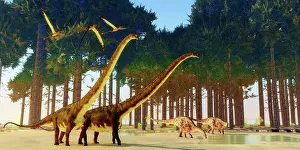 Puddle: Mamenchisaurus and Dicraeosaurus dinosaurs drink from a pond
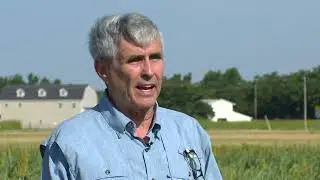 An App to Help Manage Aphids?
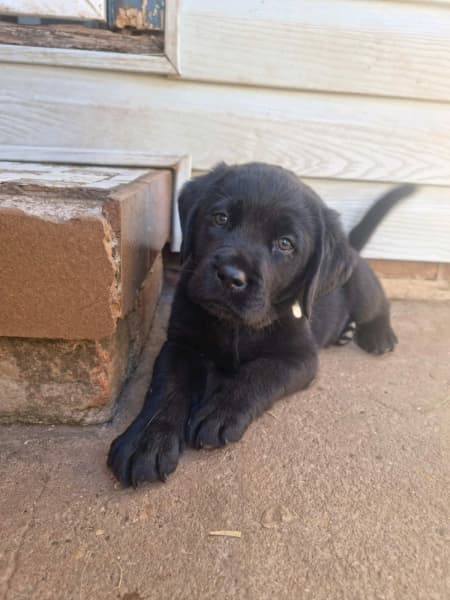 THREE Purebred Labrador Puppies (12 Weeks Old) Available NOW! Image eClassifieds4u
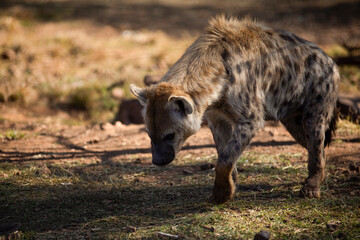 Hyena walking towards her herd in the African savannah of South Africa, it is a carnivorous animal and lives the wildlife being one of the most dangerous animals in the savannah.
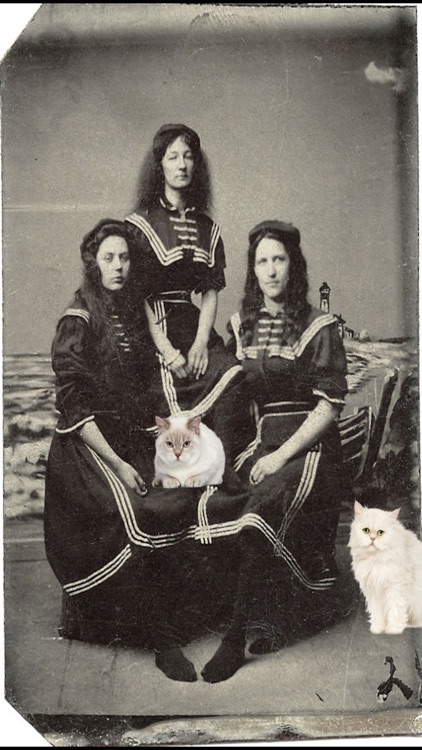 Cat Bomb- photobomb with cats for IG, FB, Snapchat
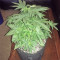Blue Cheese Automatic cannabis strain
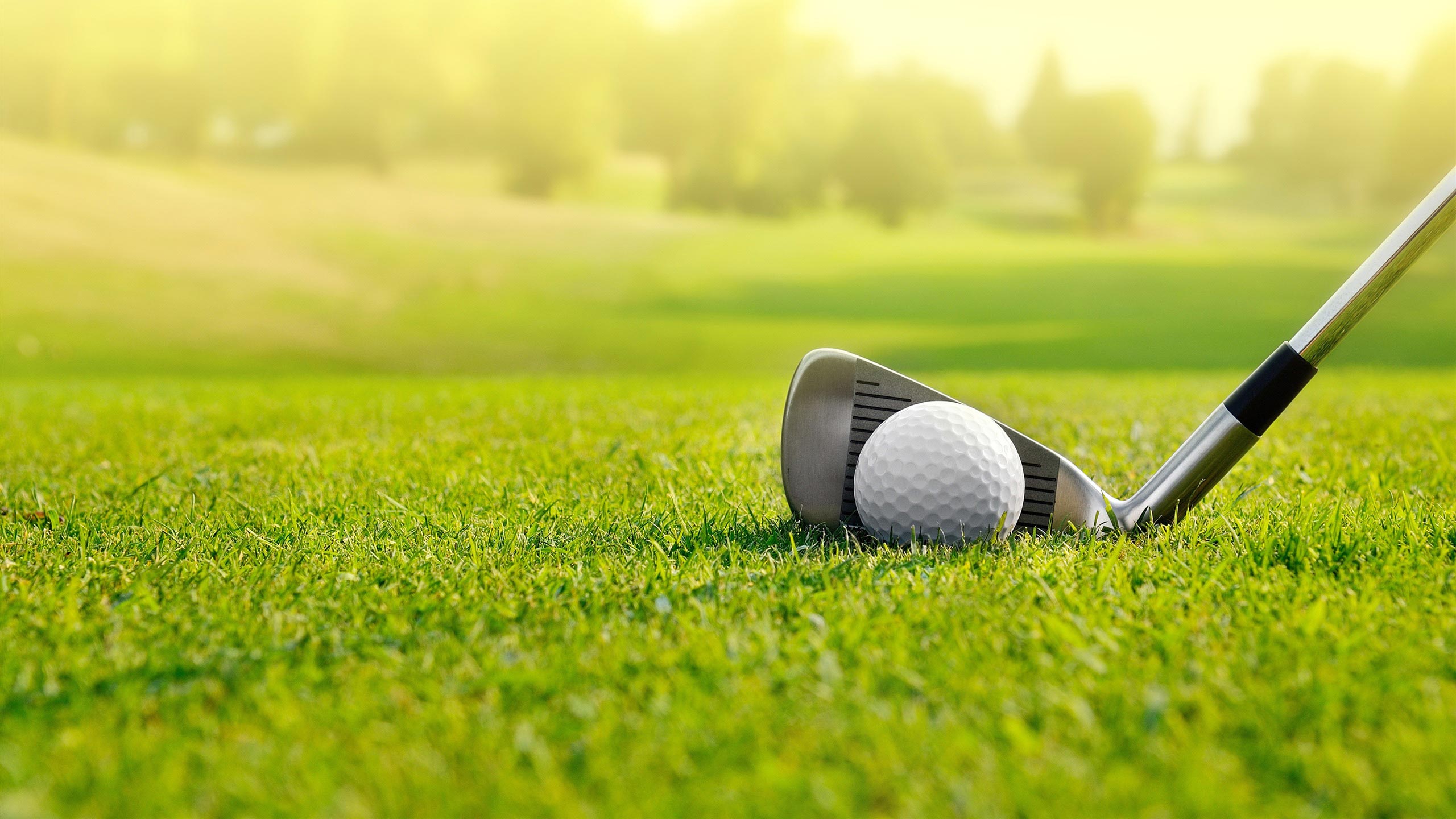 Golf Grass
—————
Begin at the first line of the records. Print every line through the one containing "THREE Purebred Labrador" exactly, but skip the pictures.

 Puddle: Mamenchisaurus and Dicraeosaurus dinosaurs drink from a pond
 An App to Help Manage Aphids?
 THREE Purebred Labrador Puppies (12 Weeks Old) Available NOW! Image eClassifieds4u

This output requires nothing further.